### WHAT THE TASK REQUIRES
I would like the lines below, from the one with "A modern kitchen" through the one with "Ritratto di un", copied exactly and without any pictures.

### RECORD EXTRACTS
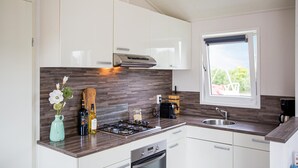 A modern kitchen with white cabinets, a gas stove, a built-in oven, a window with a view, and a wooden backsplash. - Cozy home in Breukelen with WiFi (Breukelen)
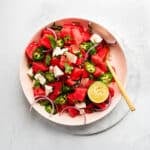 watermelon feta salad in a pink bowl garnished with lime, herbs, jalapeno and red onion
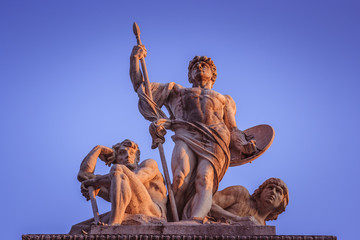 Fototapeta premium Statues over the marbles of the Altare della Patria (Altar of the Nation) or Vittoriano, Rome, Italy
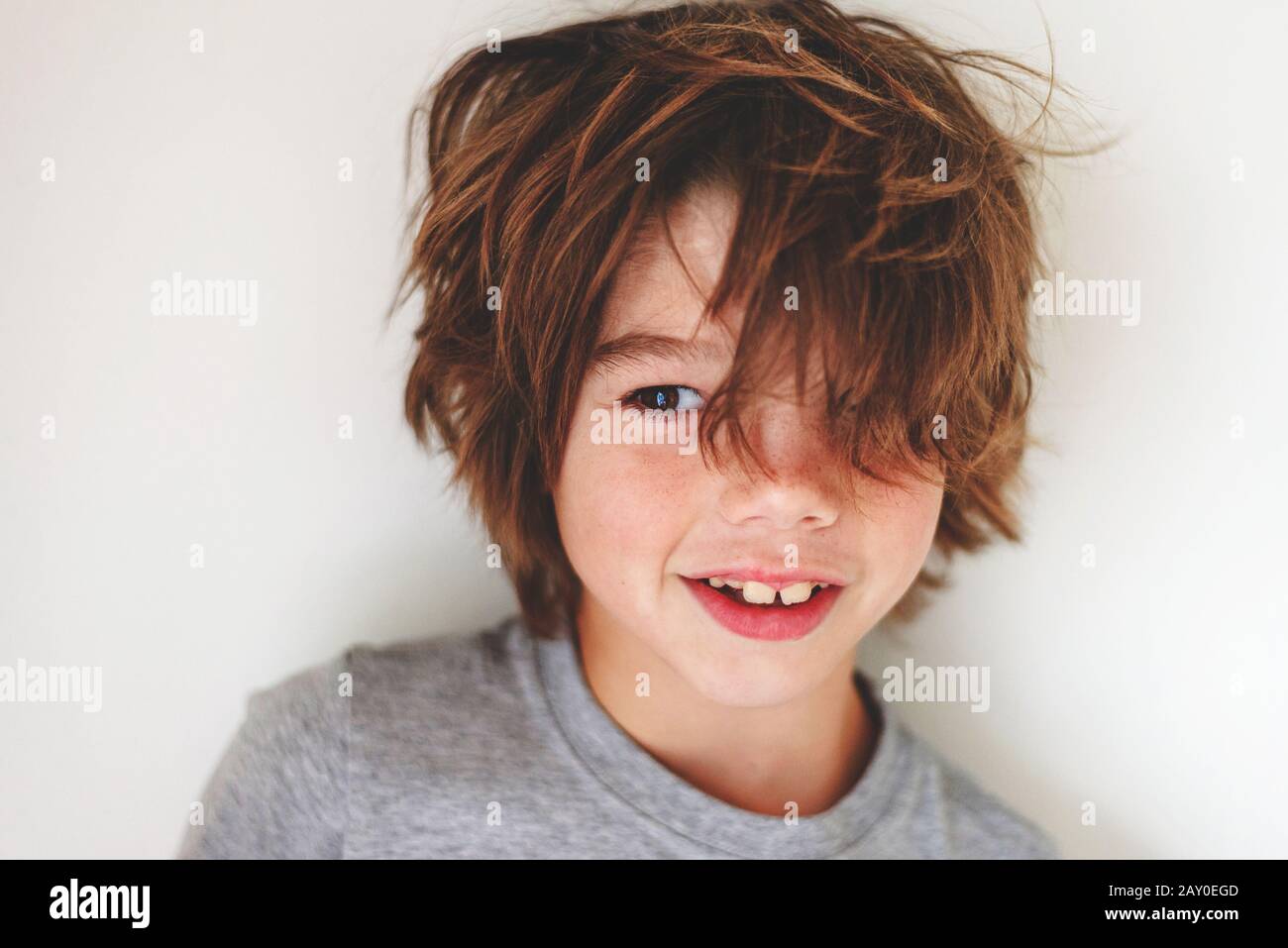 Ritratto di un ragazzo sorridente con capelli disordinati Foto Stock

==

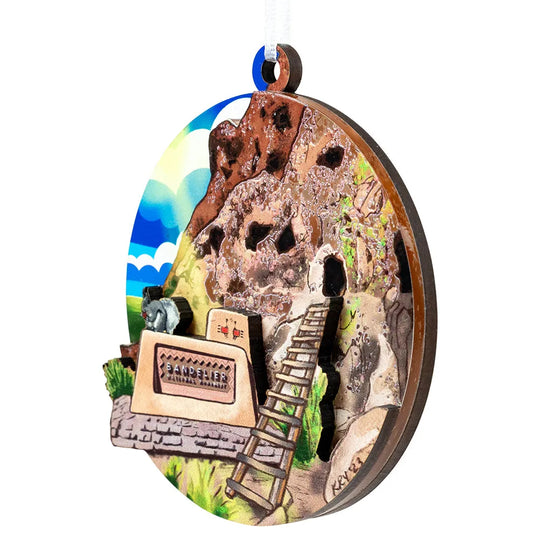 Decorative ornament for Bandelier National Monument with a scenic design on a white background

---

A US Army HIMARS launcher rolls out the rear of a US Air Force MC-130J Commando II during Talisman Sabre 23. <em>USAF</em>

### RESULT OF THE EXERCISE
 A modern kitchen with white cabinets, a gas stove, a built-in oven, a window with a view, and a wooden backsplash. - Cozy home in Breukelen with WiFi (Breukelen)
 watermelon feta salad in a pink bowl garnished with lime, herbs, jalapeno and red onion
 Fototapeta premium Statues over the marbles of the Altare della Patria (Altar of the Nation) or Vittoriano, Rome, Italy
 Ritratto di un ragazzo sorridente con capelli disordinati Foto Stock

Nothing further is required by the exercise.